**Required action:**
Only the lines below from the one that contains "El arrestado es" through the one that contains "Immagine 7 di" should appear in your answer, exact and without pictures.

Data listing Start Marker

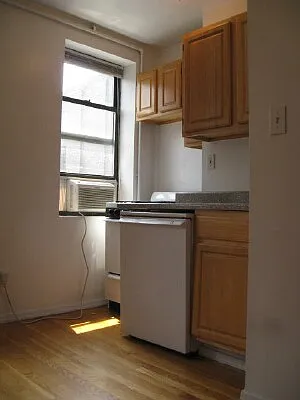 Rented by Tower Brokerage | media 28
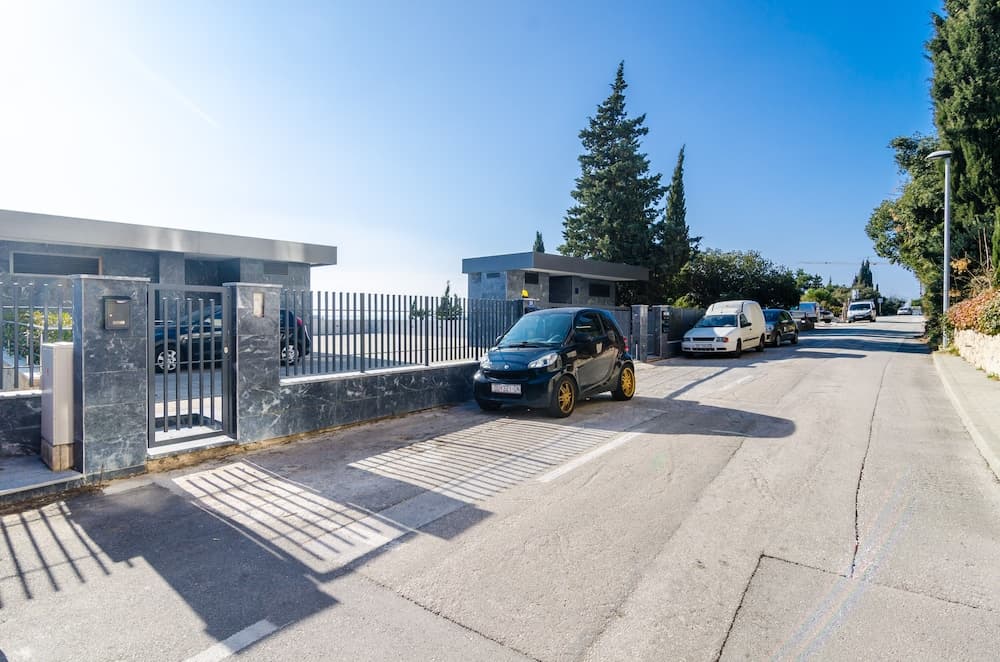 Dubrovnik Deluxe Blue Bayou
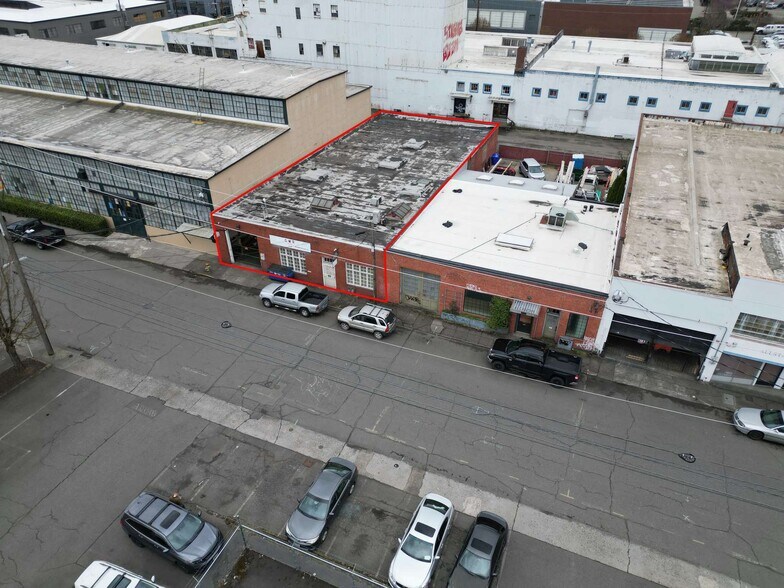 More Photos Of 646 N Thompson St, Portland Manufacturing For Sale
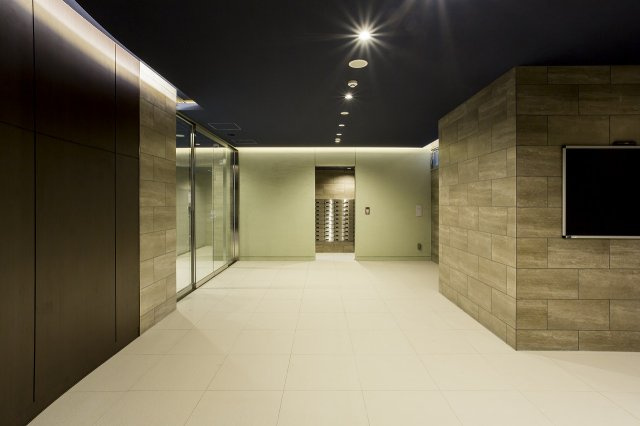 サヴォイコートオブアームズ　6階のロビー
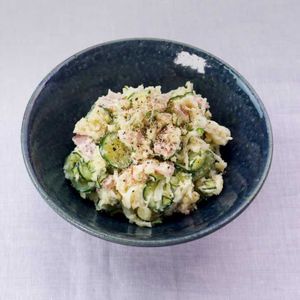 「ベーコンのペッパーポテトサラダ」のレシピ動画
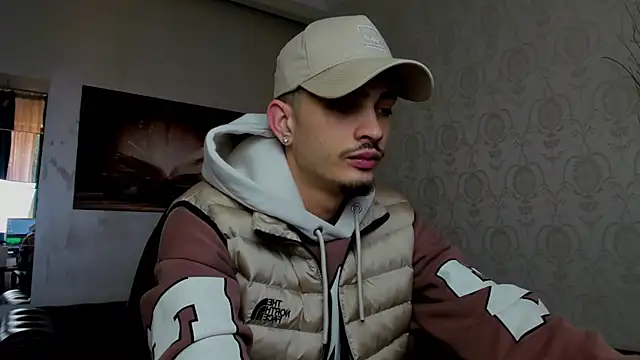 Snapshot of BrandonTate chatting on 03.02.25 BrandonTate online show from 03.02.25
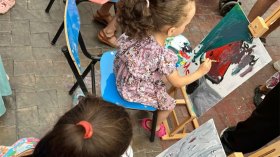 ورشات للرسم والتلوين بالمعارض تستقطب العائلات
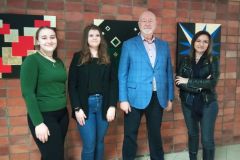 I. Kozak i J. Leszczkowska, dziekan prof. M. Bołtryk, E. OrzechowskaFot. A. Topczewska_fot. Aneta Topczewska_Radio Akadera (1)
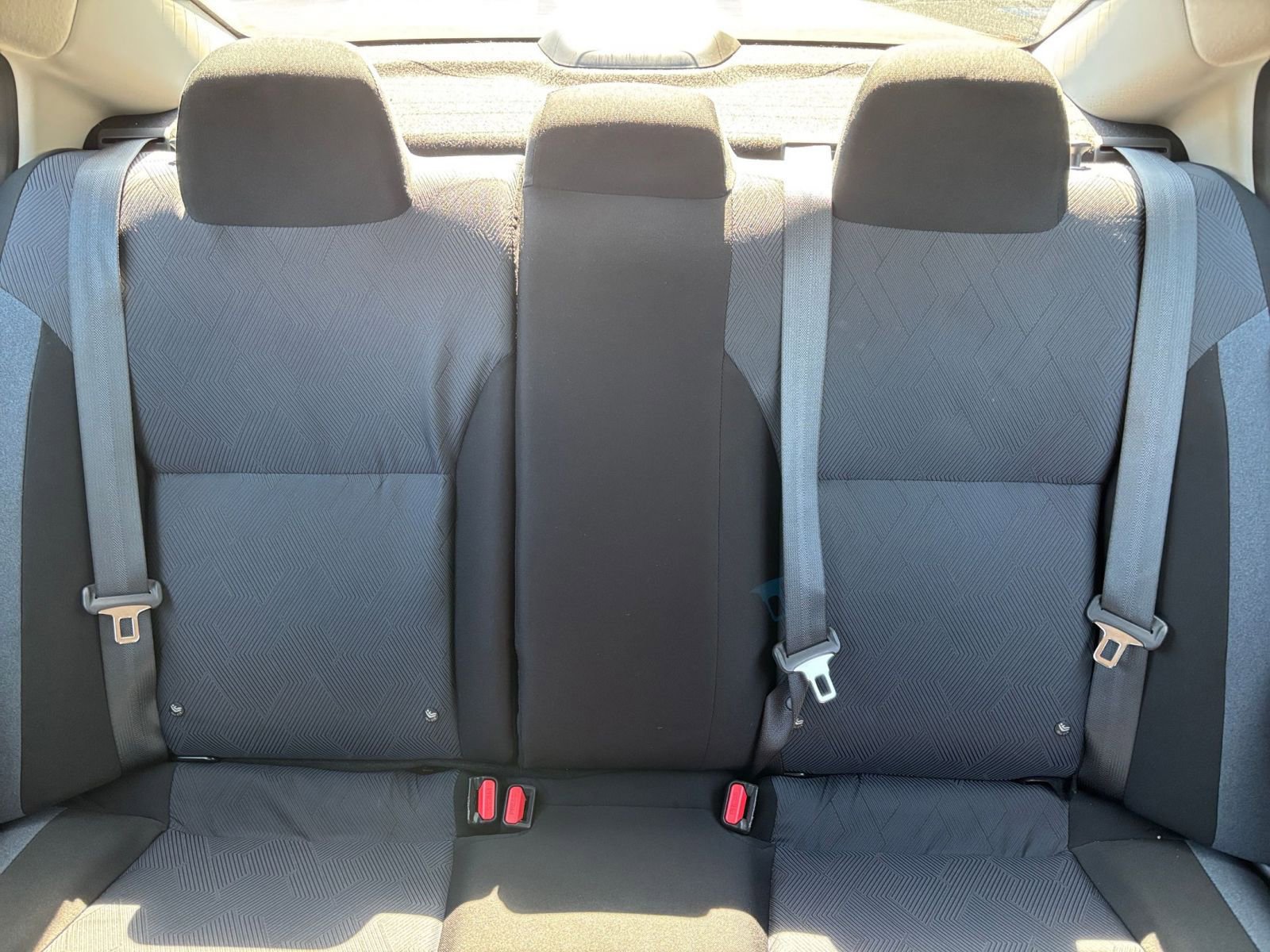 Used 2025 Nissan Versa SV FWD image 40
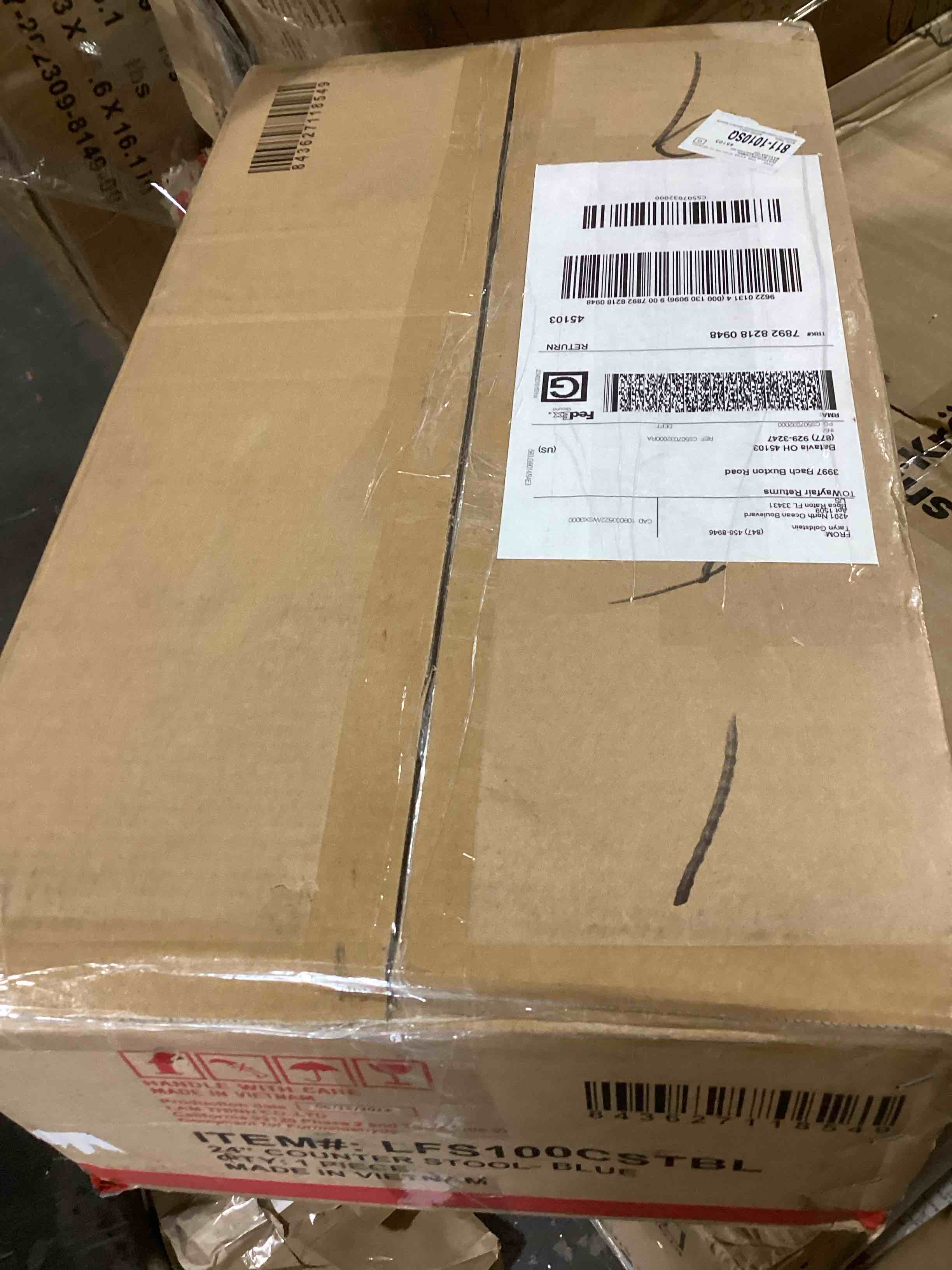 https://s3.amazonaws.com/lotting-images-prod/bidfta/BLU5109034_1707583556283.jpeg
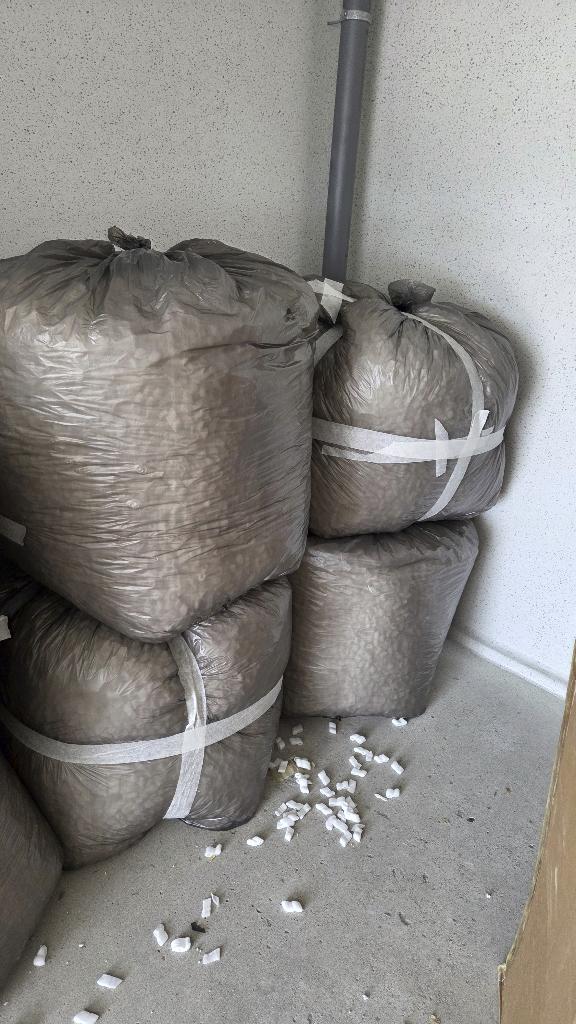 4 zakken opvulchips, Ophalen, Doos, 100 cm of meer, 60 cm of meer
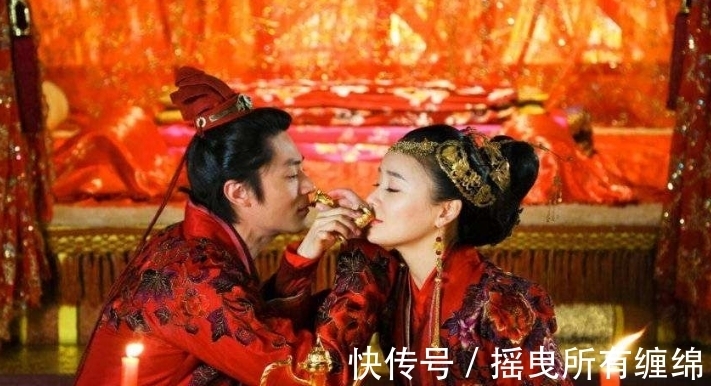 纪晓岚&洞房花烛之夜,新郎出一上联:十八年前未谋面,新娘的下联很经典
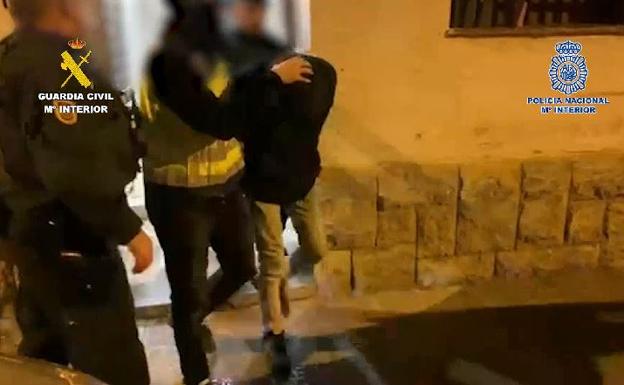 El arrestado es trasladado a dependencias policiales tras el operativo.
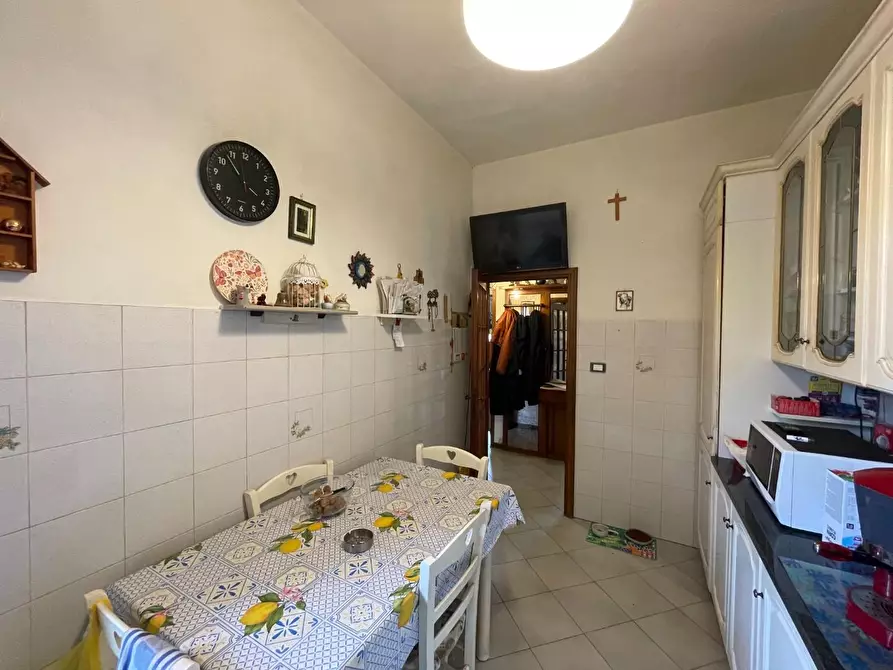 Immagine 7 di Appartamento in vendita  a Lucca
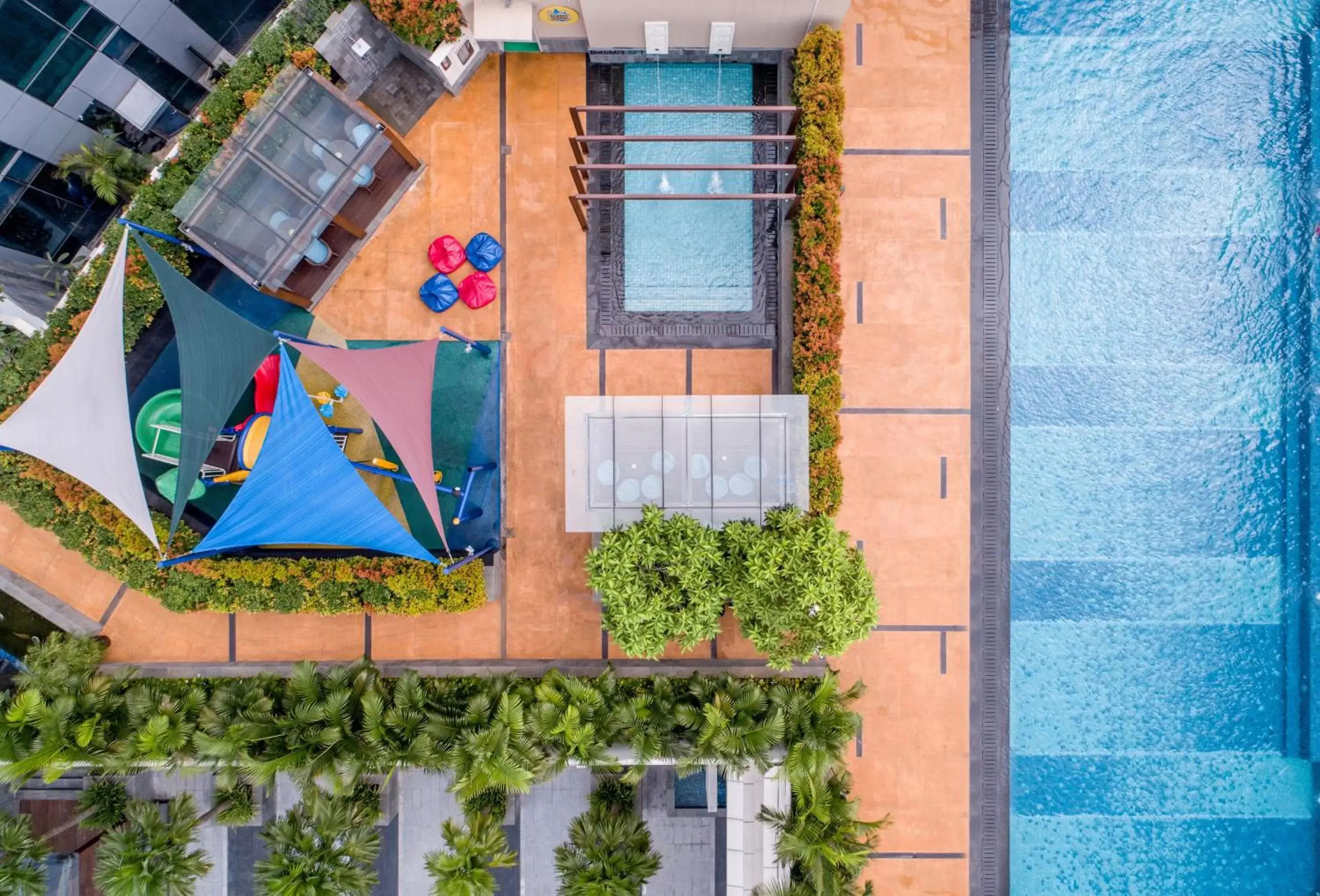 Swimming pool in InterContinental Hotels Jakarta Pondok Indah by IHG Swimming pool in InterContinental Hotels Jakarta Pondok Indah by IHG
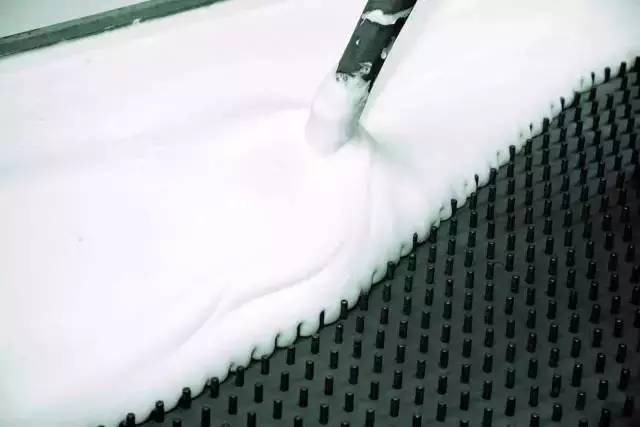 京造乳胶枕头和睡眠博士哪个好,乳胶1.5米长圆枕头护颈椎助睡眠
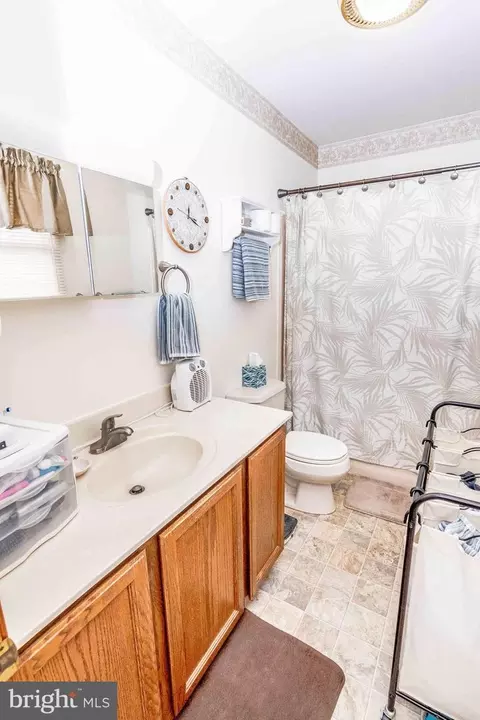 Bath - 26801 Gunners Cir, Salisbury, MD 21801 photo 3 of 4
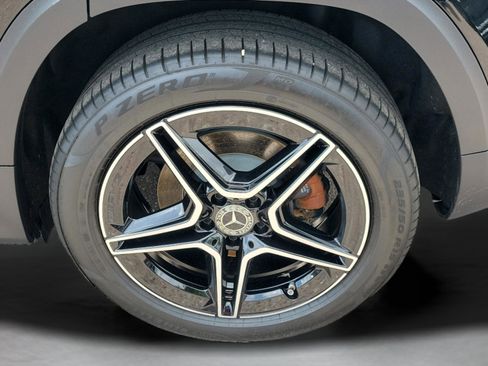 Certified 2024 Mercedes-Benz GLB 250 image 28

Data listing End Marker

**Exercise solution:**
 El arrestado es trasladado a dependencias policiales tras el operativo.
 Immagine 7 di Appartamento in vendita  a Lucca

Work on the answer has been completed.